The advantage of deep learning models is that they can receive a large number of data features at the same time and learn from them to obtain implicit correlations to serve complex prediction problems. In this study, the static data contained 143 features after one-hot encoding, and the dynamic data were in an n * 2 * 56 size 3D matrix. However, because the deep learning model is not highly interpretable, which factors and how they contribute to CADVT still need to be studied. Based on the contribution of different features, the model can be optimized and compressed to using fewer data input and with simpler network structure in practice. Furthermore, explainability is more important than accuracy, as it will identify which modified risk factor contributes to CADVT and what kind of measures could help to change the situation and determine a patient's individual risk. Explainable artificial intelligence (XAI), which is a set of processes and methods that allows human users to comprehend and trust the results and output created by machine learning algorithms, is also the focus of current AI research in medicine . Some interpretation methods, such as SHAP , have been introduced to explain the output of machine learning models by computing each feature for the prediction. However, such an explainable framework works well on static features but not on latent temporal features.

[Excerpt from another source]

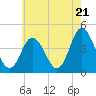 Brandywine Shoal Light tide chart for Tuesday, May 21, 2024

Several studies have shown that different diseases have different risks of CADVT . In this study, we found that patients with intracranial space occupying lesions have a particularly high risk of CADVT (OR 14.2 p value < 0.001 compared with CHD patients). Further analysis showed the dehydration agent, such as mannitol, glycerol fructose, and furosemide etc., that is widely used to reduce brain swelling and intracranial pressure, maybe contribute to the CADVT. For these reasons, intracranial occupying lesions are used independently as a feature. In addition, only the primary discharge diagnosis was used to label patient. It should include more diseases information in the future study. Therefore, for machine learning technology to be used to predict CADVT, patients in the training dataset should be collected from similar hospitals or the same hospital of the practice hospital due to the disease spectrum. Different hospitals with different populations with different diseases may require different models. Machine learning models trained on datasets from multiple centers should also consider hospitals as features. Furthermore, if the prediction risk probability were directly provided to clinician for clinical decision support, applying calibration model to estimates is needed.
This study had several limitations. First, as the temporal data were organized in fixed 12-h time windows, all the original temporal features of different clinical data were not retained. Furthermore, a more flexible learning model that could accept dynamic data at different time intervals should be developed. A scheme which uses forward well-defined index time from the catheter insertion was also suggested for future study. Second, as the proposed deep learning model was evaluated only in a single center with retrospective data in a case–control design, a larger evaluation using a cohort design is needed to demonstrate its broad applicability. The most important limitation of such a complicated multimodal deep learning model is its clinical explainability and its different calibration in different populations.